COLLECTED MATERIAL |
----
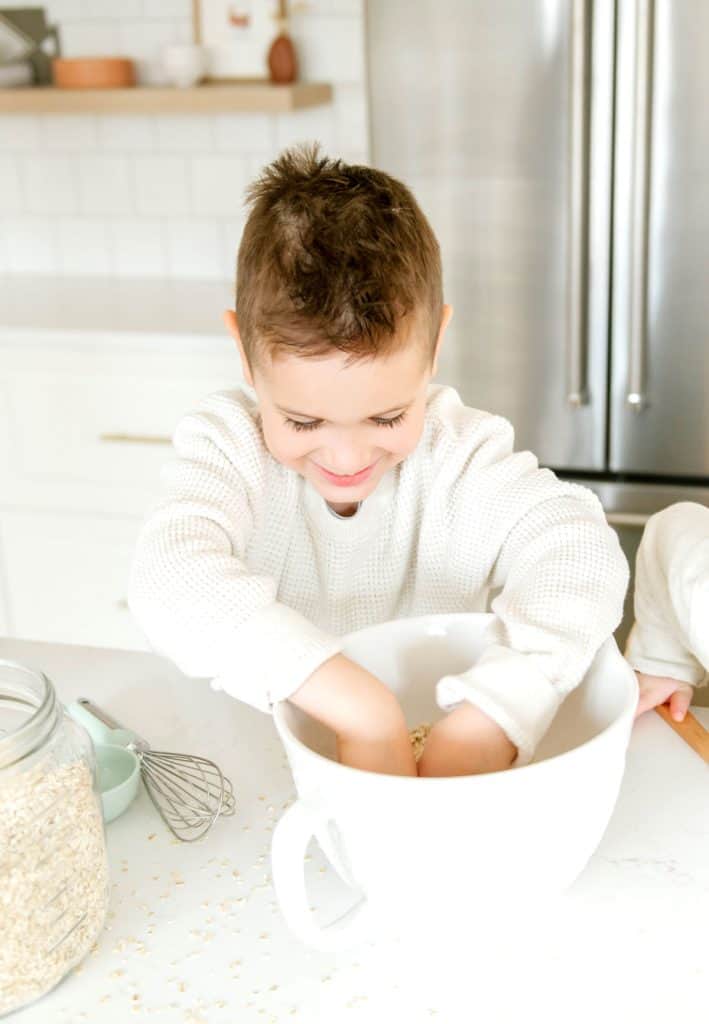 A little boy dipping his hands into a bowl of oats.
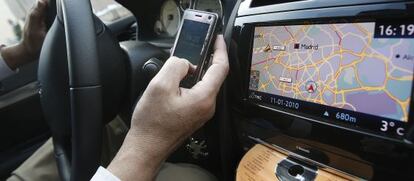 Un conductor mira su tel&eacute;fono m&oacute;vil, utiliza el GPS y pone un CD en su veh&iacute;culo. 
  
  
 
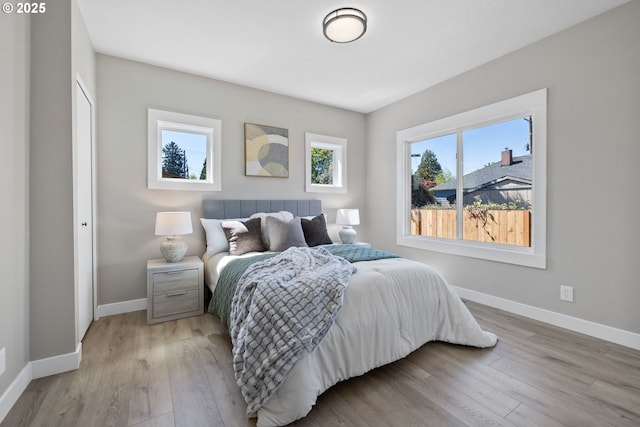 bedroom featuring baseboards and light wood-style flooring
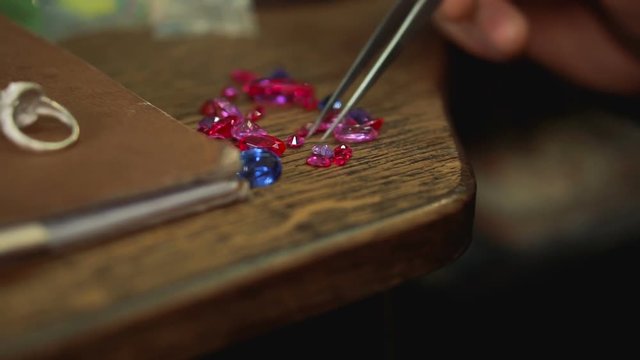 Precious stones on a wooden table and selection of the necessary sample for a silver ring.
----
PROBLEM REQUIREMENTS | Set out nothing but the lines from the line with "bedroom featuring baseboards" through the end of the material, reproduced exactly, both ends included, pictures omitted.

SOLUTION |
 bedroom featuring baseboards and light wood-style flooring
 Precious stones on a wooden table and selection of the necessary sample for a silver ring.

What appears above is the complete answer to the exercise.